FORT LAUDERDALE, Fla. – When it comes to hurricanes and their vicious little offspring tornadoes, one good spin deserves another.

It’s an intricate and sometimes perplexing dance of swirling winds that cause tornadoes to spawn as a hurricane travels over land. One such tornado touched down twice behind the Hendry County sheriff’s station in Clewiston, Fla., on Friday about 11:45 a.m. EDT.

“We don’t have any damage that we know of,” said Marcus Padgett, spokesman for the Hendry County emergency management office.

Such a swift-moving, dangerous cyclone, though smaller and more localized than the massive hurricane storm system that produced it, can pack a whollop of a punch, with winds reaching up to 300 mph – enough to propel a refrigerator hundreds of feet.

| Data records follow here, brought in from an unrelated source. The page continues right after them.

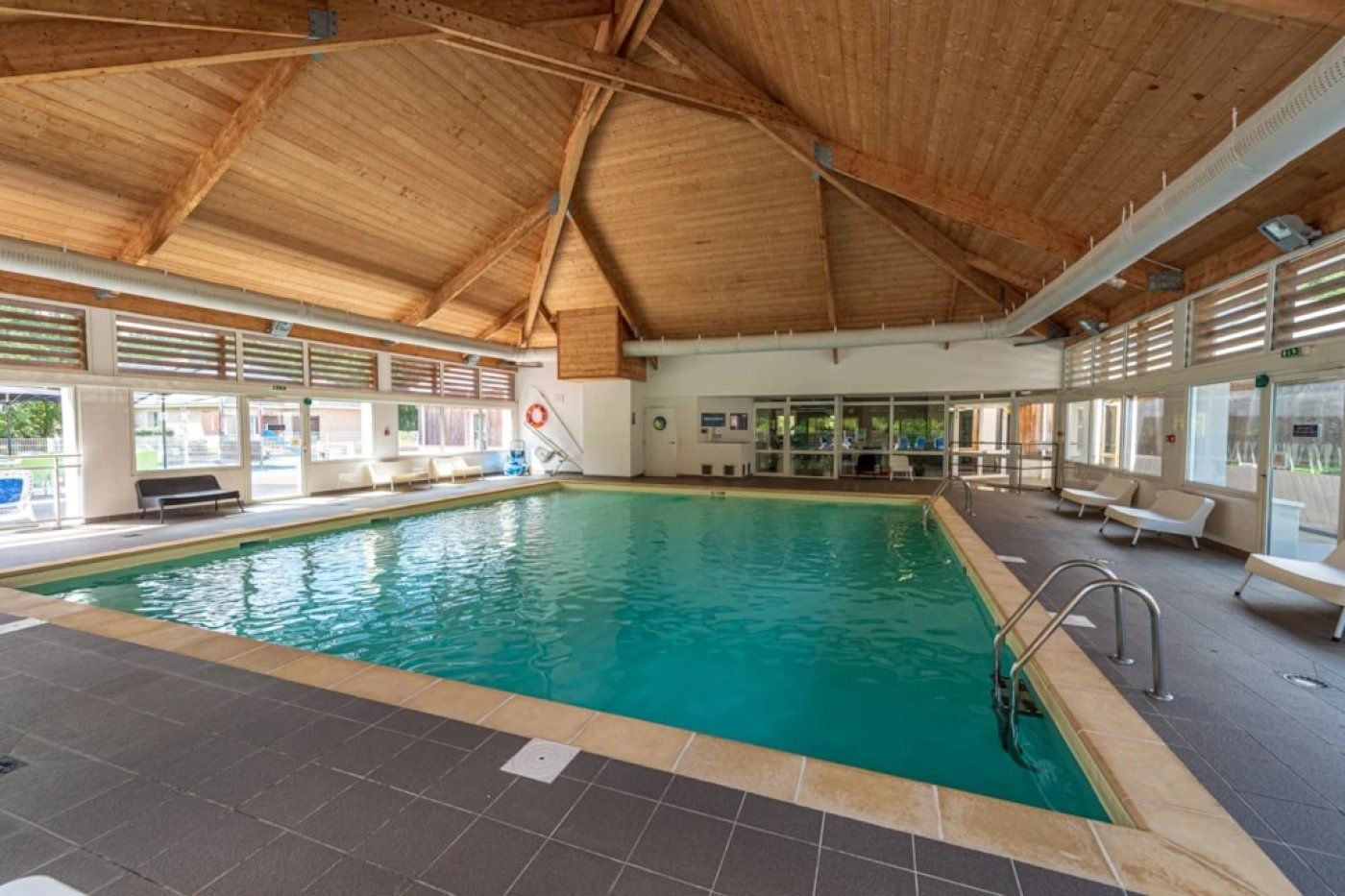 An indoor swimming pool with a wooden ceiling, tiled floor, and seating areas.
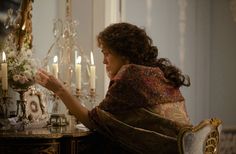 a woman sitting at a table in front of a mirror with candles and flowers on it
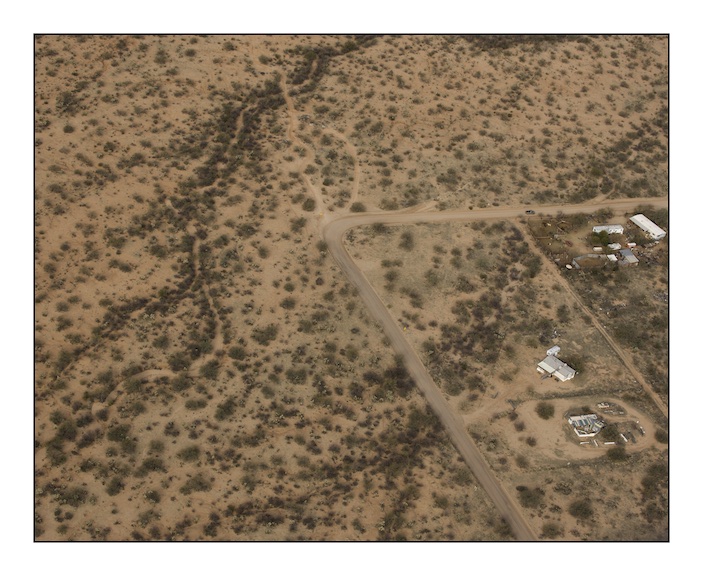  The bend in the road at the centre of this photograph is at Diamond Bells Ranch near Robles Junction. Diamond Bells was built as a restful and upscale desert retreat before the recent property market crash. In 2010, unbeknownst to the owner of the house volunteers from the American charity ‘The Samaritans” found the body of a Mexican migrant who had died very slowly of dehydration and exhaustion.&nbsp; 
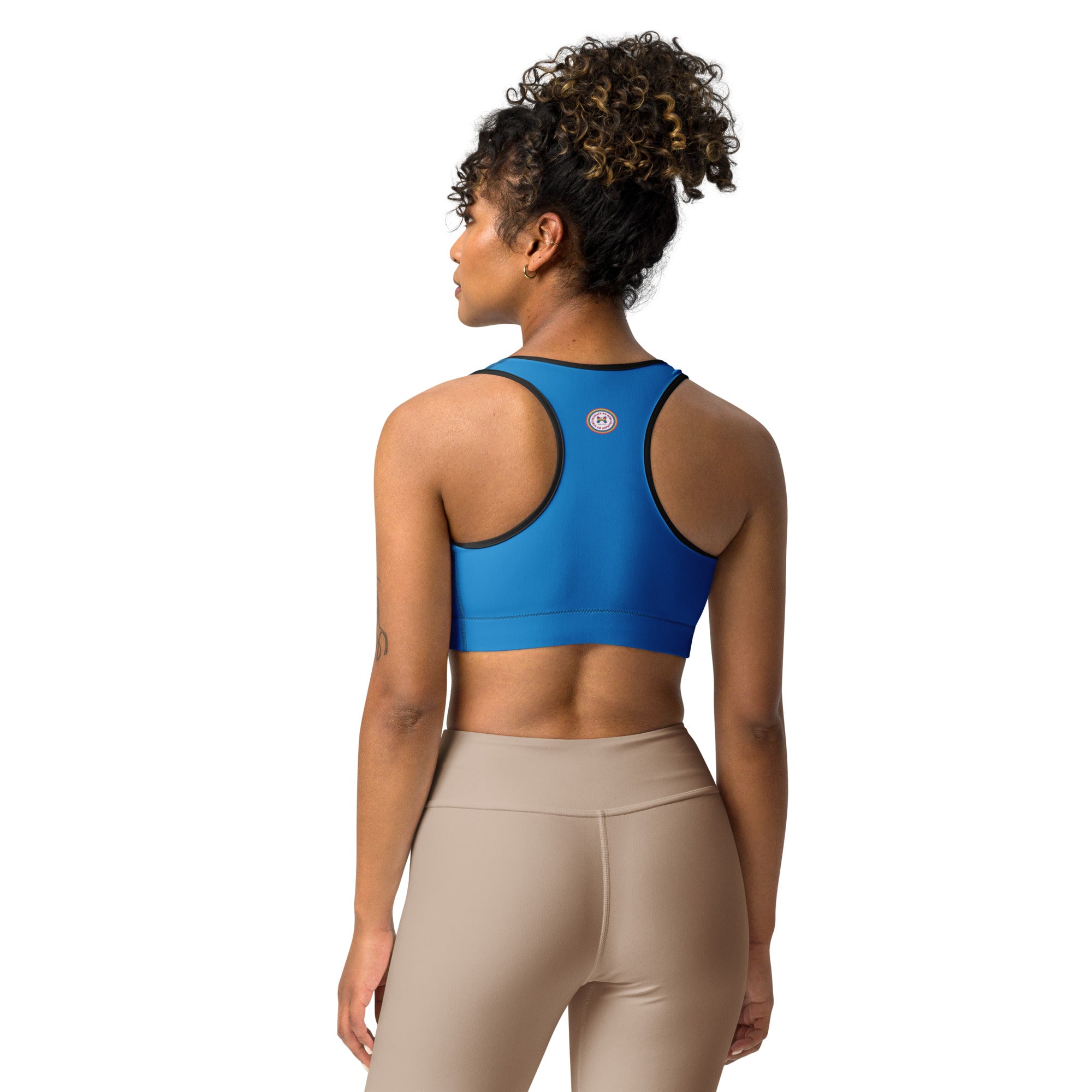 Printful blue sports bra with black binding, all-over print, shown from the back, available in XS to 2XL sizes.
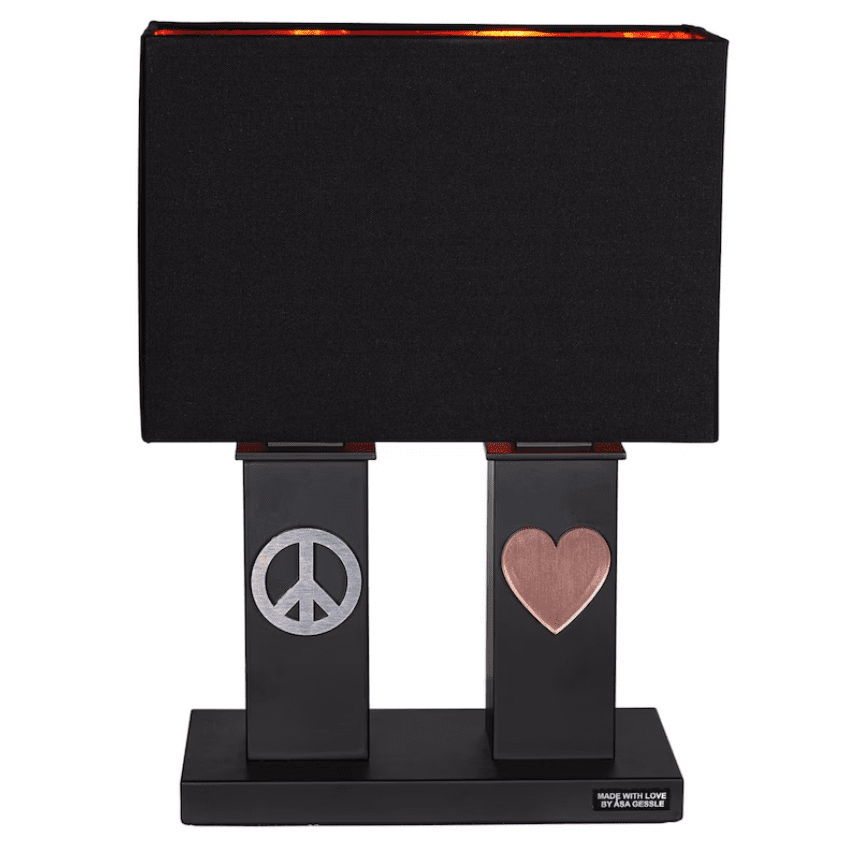 Stand By Me 50cm Negro lámpara de mesa De By Rydéns - La amplia pantalla de tela negra contrasta con las columnas m&aacute;s estrechas de la base de la l&aacute;mpara, ambas decoradas con un s&iacute;mbolo de metal, un signo de la paz en un lado y un coraz&oacute;n en el otro.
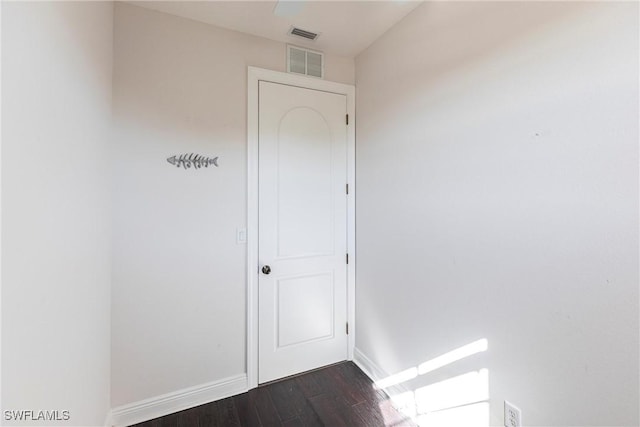 empty room with visible vents, baseboards, and dark wood-type flooring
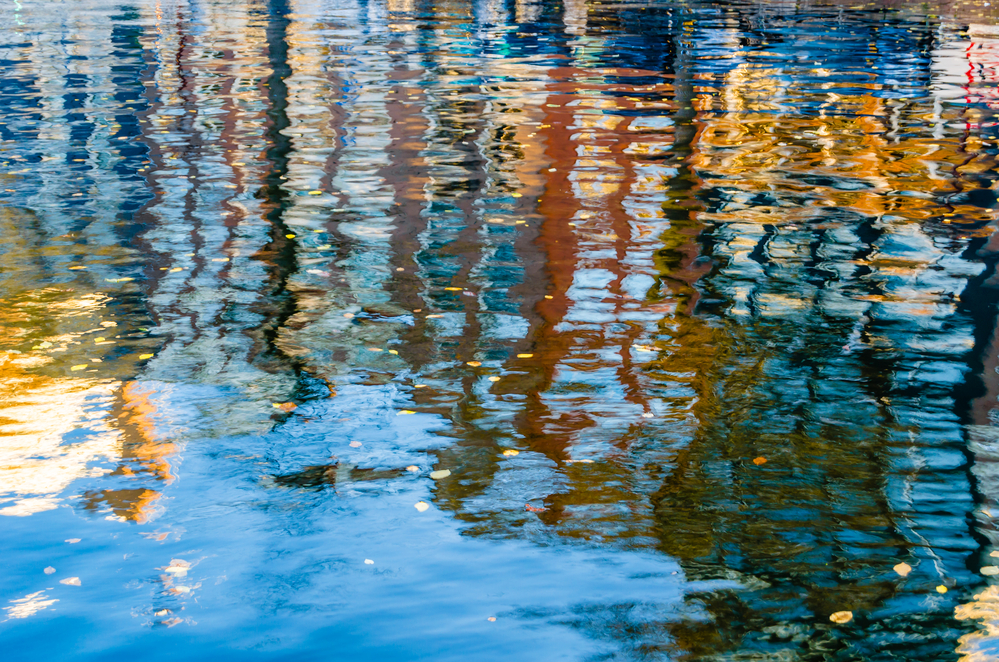 Colorful reflection of the buildings along the canal in Amsterda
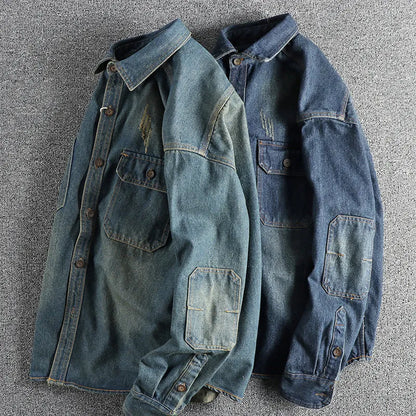 Men's light blue washed vintage denim shirt with long sleeves and a loose cardigan fit.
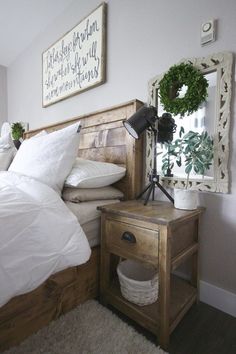 a bed with white sheets and pillows next to a wooden night stand in a bedroom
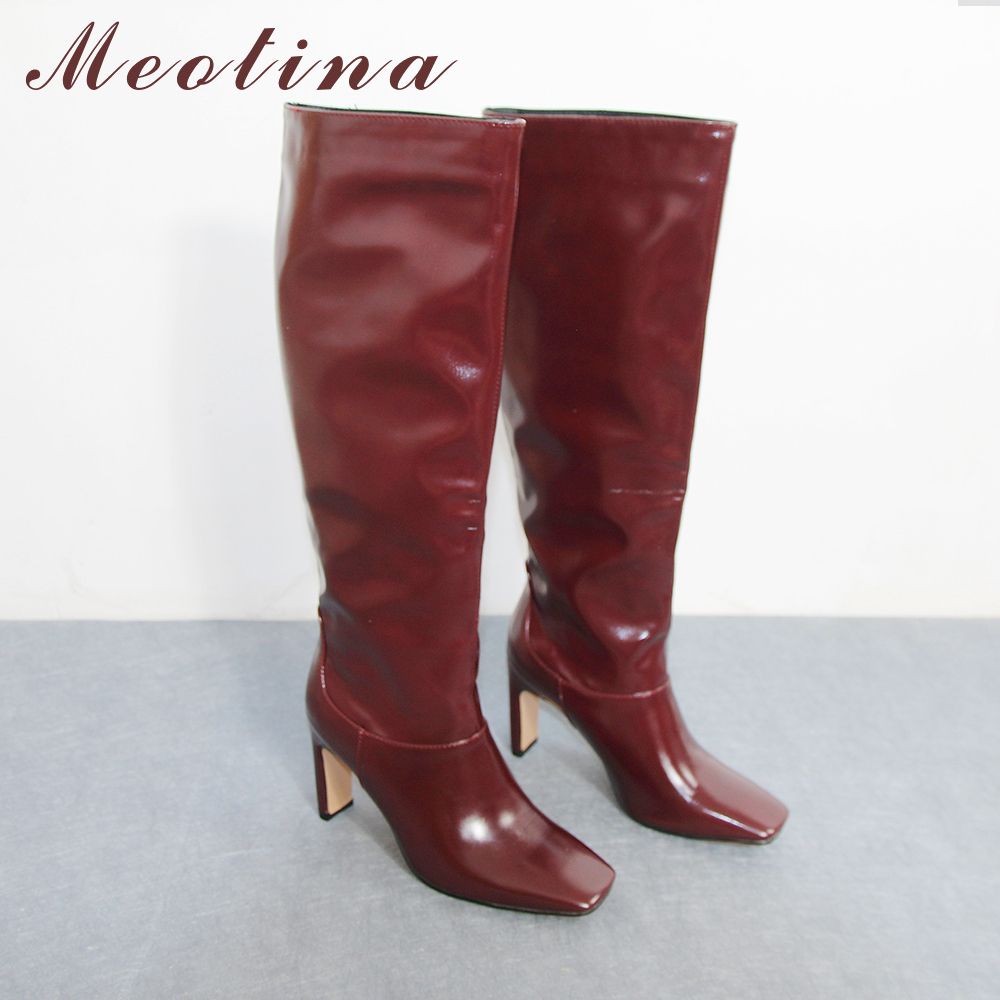 black heeled long boots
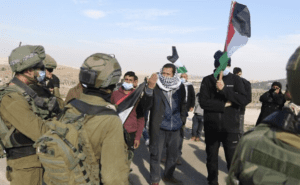 Palestinians protest Israeli policies and settler attacks in the south Hebron Hills as soldiers look on, January 2, 2021.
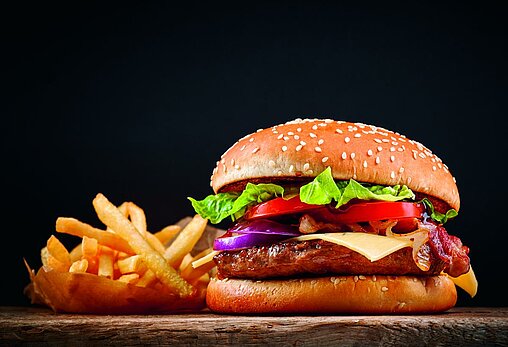 Photo d'un burger accompagné de frites sur fond noir 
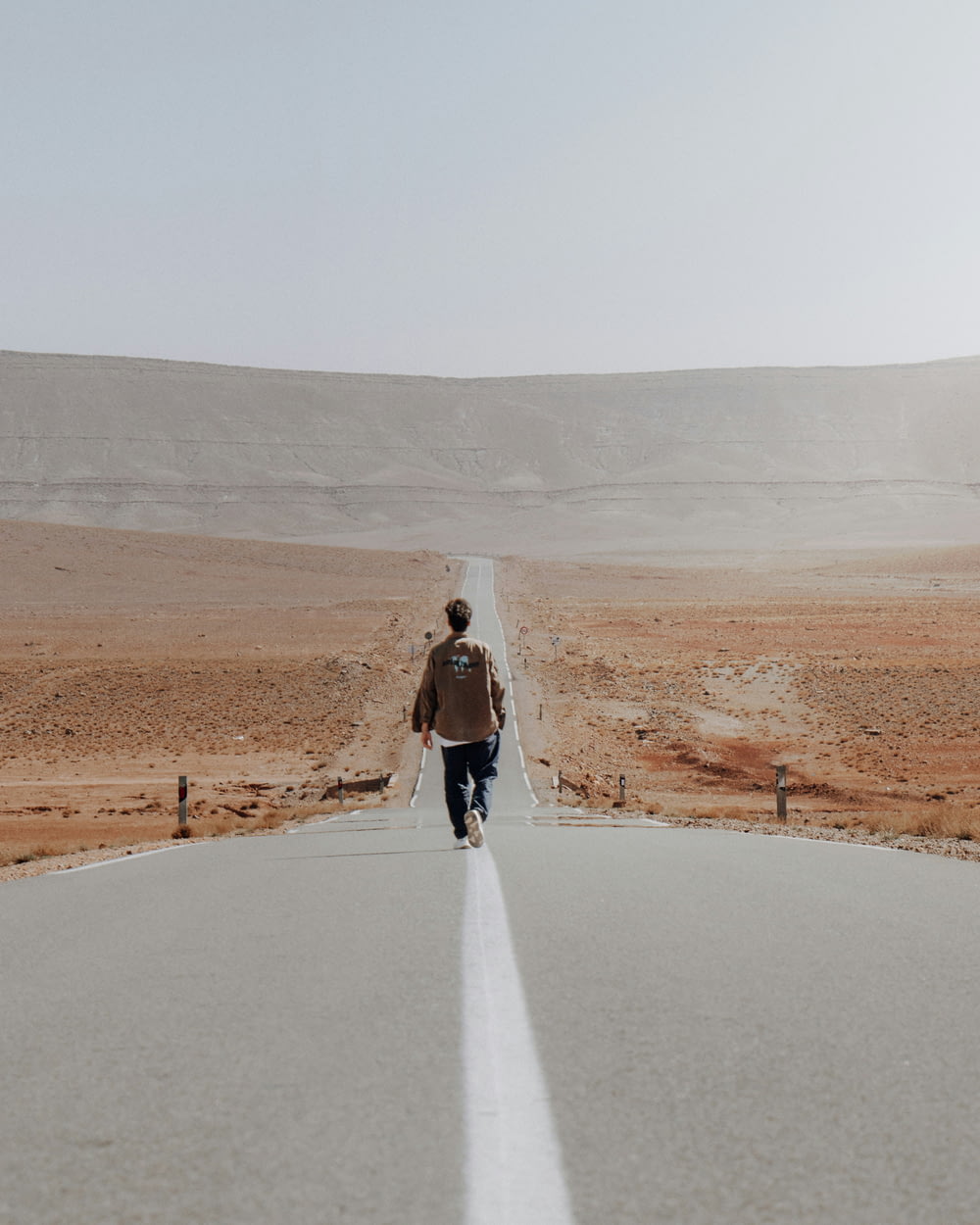 a man walking down the middle of a road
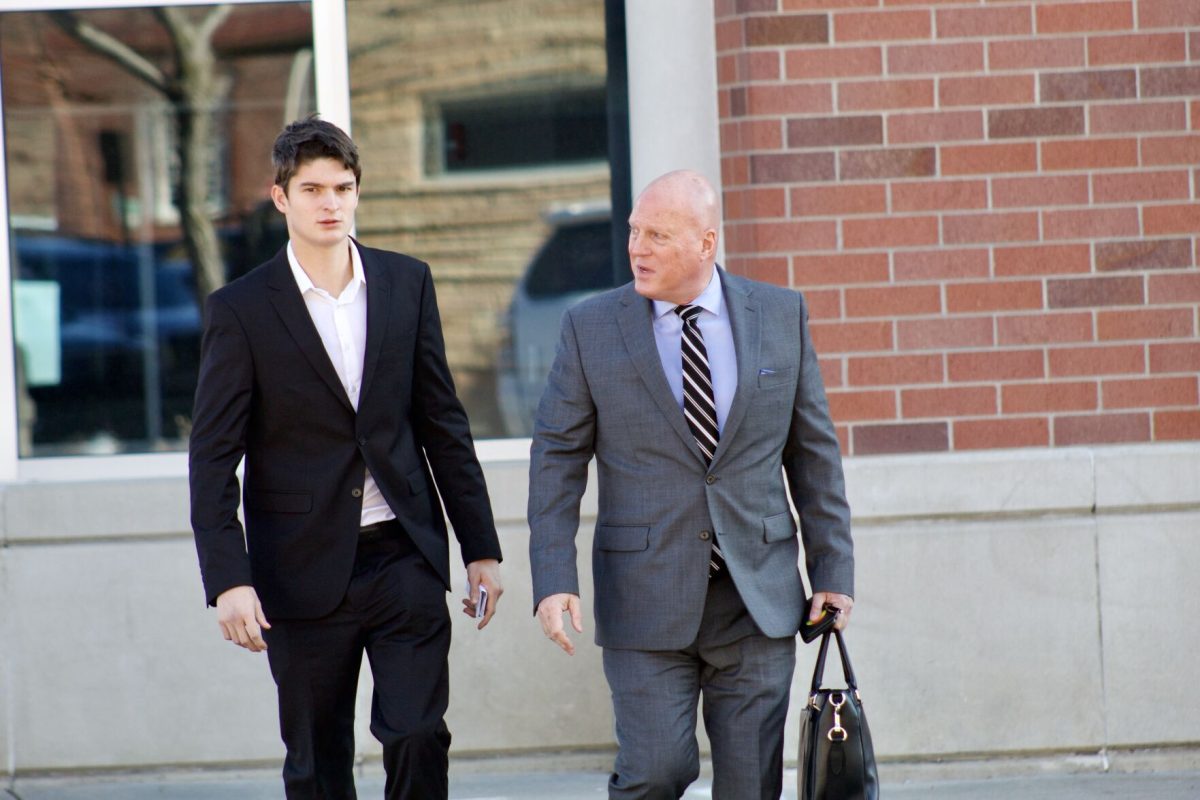 Dominik Simunovic is seen exiting the Lyon County Courthouse on Jan. 3, with his attorney, Frederick L. Meier, after pleading not guilty to alleged rape and attempted aggravated criminal sodomy.
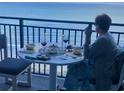 Oceanfront balcony with table set for relaxed dining and spectacular ocean view at 5523 North Ocean Blvd. # 2112, Myrtle Beach, SC 29577
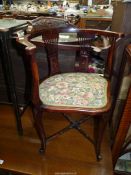 An attractive Edwardian Mahogany open armed corner Chair having intricately fretworked splats,
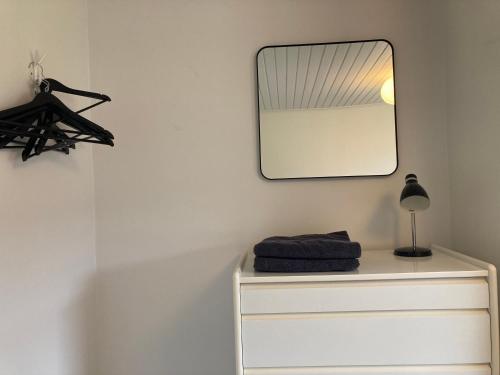 a mirror on a wall above a white dresser at Villa med private værelser delt badeværelse/køkken, viby sj. in Viby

About 1,000 tornadoes rake across the United States every year, mostly in the Midwest. But those Midwestern storms are a different breed from the type of tornadoes generated by a hurricane. Tornadoes from a hurricane result from a confluence of clashing winds rotating between the earth and upper atmosphere.

How it works is, once a hurricane makes landfall, friction from the ground slows down the winds in its lower level, said Bill Read, a Houston-based meteorologist with the National Oceanic & Atmospheric Administration temporarily assigned to the National Hurricane Center west of Miami. “It changes the shape, or the profile of the wind, in the storm itself,” he said of the earth’s friction.

Winds in the upper atmosphere, however, retain their swifter speed, causing what’s called a vertical wind shear, in which wind on the ground can be a drastically different speed from wind higher up. The low level winds then are pulled toward the hurricane’s center, or eye, which causes a rotation between the upper and lower systems.

“The winds can be going in different directions from surface to atmosphere,” Read said.

The resulting rotation can spin off deadly, swirling tornadoes.

But knowledge is still limited about the hurricane-spawned tornadoes. “There are still things we don’t know about these tornadoes,” Read said. “There are people who earn Ph.D.s studying how that works.”